The data engineering pipeline encompasses crucial stages, beginning with data pre-processing. Raw temperature data is subjected to necessary transformations and cleaning processes to ensure accuracy and consistency. Subsequently, the pre-processed data is channeled into a visualization module, where it is translated into informative visual representations. To facilitate long-term data management, a cloud-based storage system is implemented.

IoT Flow chart (1)

Advanced IoT Data Analysis Model ( DEP Unit )

Overview

We have developed a sophisticated model for IoT data analysis, primarily focusing on temperature and pressure data received from an IOT device's remote destinations. This model is an integration of advanced data processing techniques and machine learning, specifically designed to enhance the capabilities of IoT systems in environmental monitoring.

Key Features

  • MQTT Communication: Utilizes AWS IoT MQTT and MQTTSN for data transmission.
  • Data Processing: Implements outlier detection, linear regression for future data prediction, and median filtering.
  • Threaded Execution: Employs threading for simultaneous data processing tasks.
  • Environmental Monitoring: Focused on processing temperature and pressure data from IoT sensors.

Technologies Used

  • Python
  • AWSIoTPythonSDK
  • numpy
  • threading
  • sklearn

Setup and Installation

  • Install Python dependencies: sklearn, numpy, AWSIoTPythonSDK.
  • Configure AWS IoT MQTT Client with the required certificates and endpoint.

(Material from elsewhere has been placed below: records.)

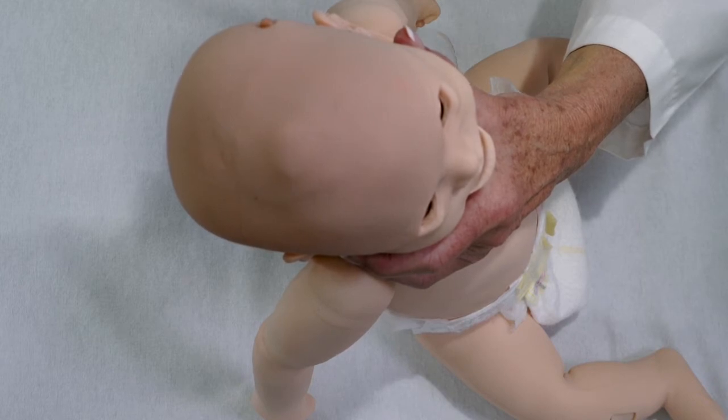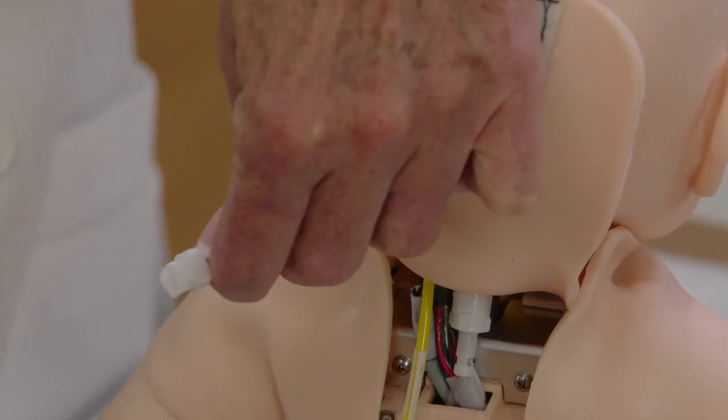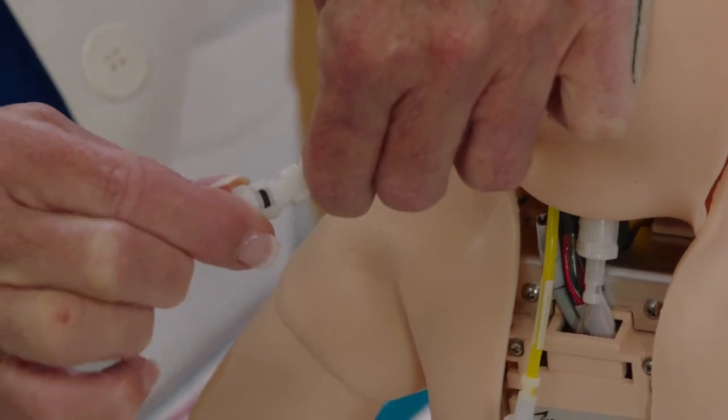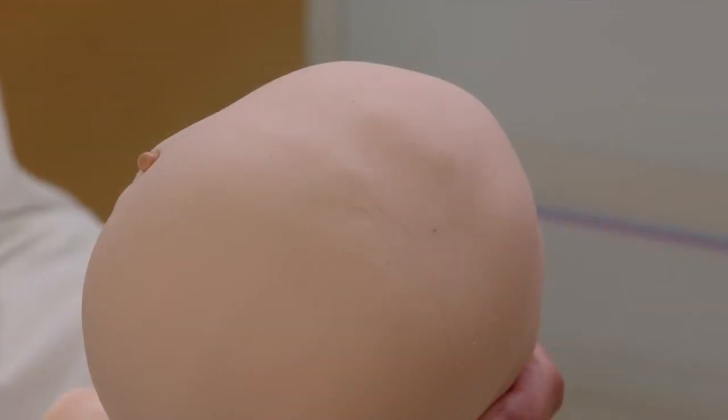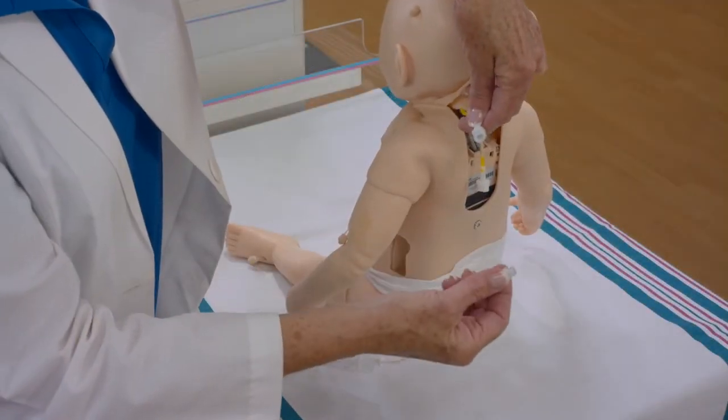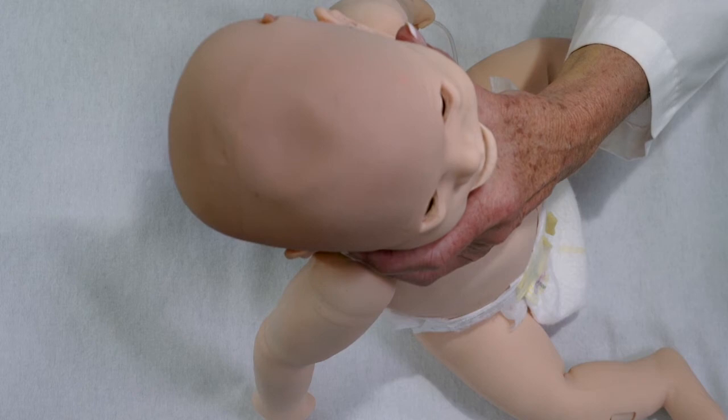To return to normal or depressed fontanelle, attach syringe and tubing to the fontanelle port and remove air for the desired appearance. Remove the pneumatic assembly from the fontanelle port and the fontanelle will retain the appearance set.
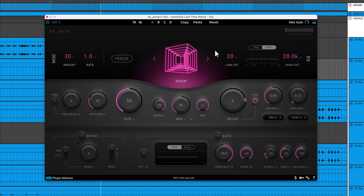Finally, we have the Room algorithm. This can be used for general reverb purposes, recreating the sound of realistic physical spaces.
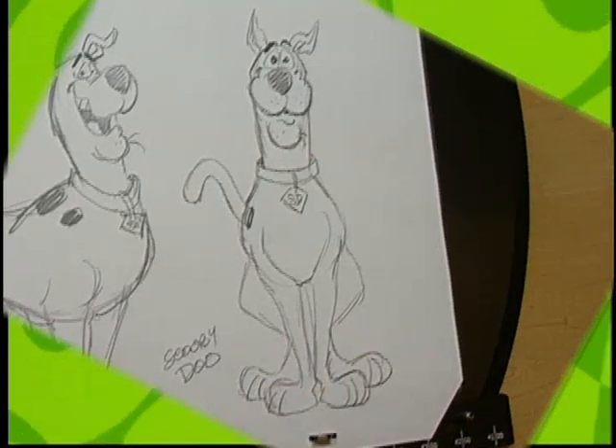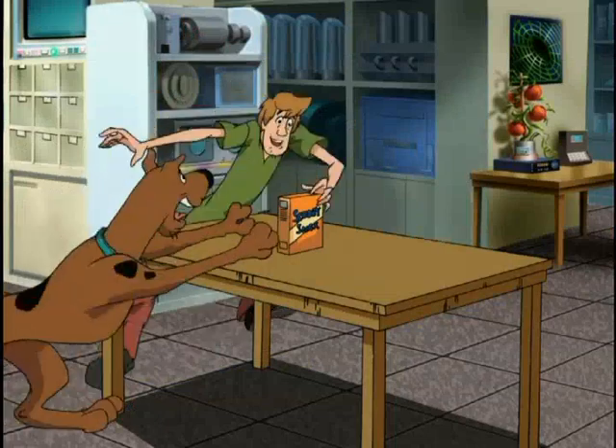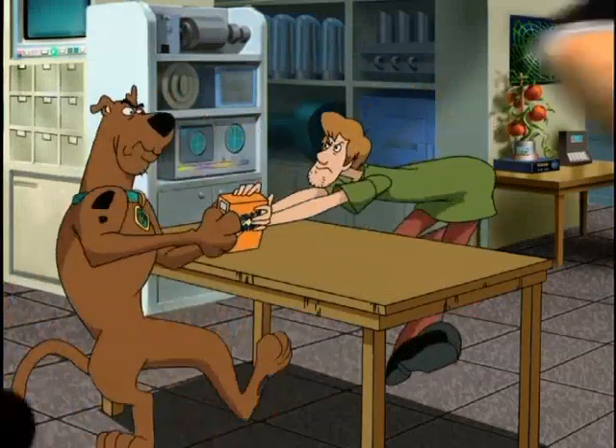Don't forget to draw in some Scooby snacks. Oh boy, Scooby snacks! Hey, that's mine. Oh boy, mine!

    See gudied steps in "Getting Started Section"

Usage

  1. Configure MQTT client with appropriate credentials and endpoint.
  2. Subscribe to desired MQTT topics for receiving temperature and pressure data.
  3. The script processes incoming data, detecting outliers ( See "Outliers/Anomalies handling with Median Filtering, Zscore method and Impution " ) and predicting future values using linear regression ( check the detailed description on "Linear Regression Model" section.
  4. Processed data is published back to an MQTT topic.

Code Structure

  • Data Collection: The Callback class handles incoming MQTT messages and triggers data processing.
  • Outlier Detection: Implements Z-score calculation to identify outliers in temperature and pressure data.
  • Data Processing Threads: Separate threads for processing temperature and pressure data using linear regression.
  • MQTT Configuration and Management: Setup and manage MQTT and MQTTSN clients for data communication.
  • Data Synchronization: Uses threading locks for thread-safe operations on shared data.

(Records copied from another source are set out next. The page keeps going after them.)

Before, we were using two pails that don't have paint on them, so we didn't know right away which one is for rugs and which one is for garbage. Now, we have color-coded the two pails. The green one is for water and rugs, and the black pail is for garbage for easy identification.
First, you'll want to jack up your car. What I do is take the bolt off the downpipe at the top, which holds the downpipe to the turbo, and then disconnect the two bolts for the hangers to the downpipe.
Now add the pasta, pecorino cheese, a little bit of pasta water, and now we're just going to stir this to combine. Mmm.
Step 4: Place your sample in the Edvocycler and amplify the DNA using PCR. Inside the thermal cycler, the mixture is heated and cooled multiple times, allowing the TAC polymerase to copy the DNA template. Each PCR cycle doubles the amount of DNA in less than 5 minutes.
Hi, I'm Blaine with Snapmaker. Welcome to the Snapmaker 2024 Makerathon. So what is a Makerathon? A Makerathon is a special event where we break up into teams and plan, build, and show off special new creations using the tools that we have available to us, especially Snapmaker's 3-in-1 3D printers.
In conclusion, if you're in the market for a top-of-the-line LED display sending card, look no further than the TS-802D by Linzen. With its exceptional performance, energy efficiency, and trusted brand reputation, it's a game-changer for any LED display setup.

In summary, our modal takes raw sensor data, cleanses it through outlier detection and handling, and then uses the cleaned data to train a linear regression model for predicting future values. This process enhances the reliability of the data used for predictions and ensures that the model's outputs are based on accurate and representative information.


Outliers/Anomalies handling with Median Filtering, Zscore method and Imputation

Median filtering is a non-linear digital filtering technique, often used to remove noise from a signal or image. It is particularly effective at removing 'salt and pepper' type noise and can preserve edges while reducing random noise. The median filter works by sliding a window over the data, replacing each entry with the median of neighboring entries. The size of the window determines the extent of smoothing: a larger window leads to more smoothing.

median filtering is applied in the context of IoT sensor data processing, specifically for handling outliers in temperature and pressure data. Here's how it works in our code:

  1. Identification of Outliers: our modal calculates the Z-score for each new temperature or pressure reading. If the absolute value of a Z-score is greater than 3, the reading is considered an outlier. This is based on the statistical rule of thumb that most (99.7%) data points should fall within three standard deviations from the mean in a normal distribution.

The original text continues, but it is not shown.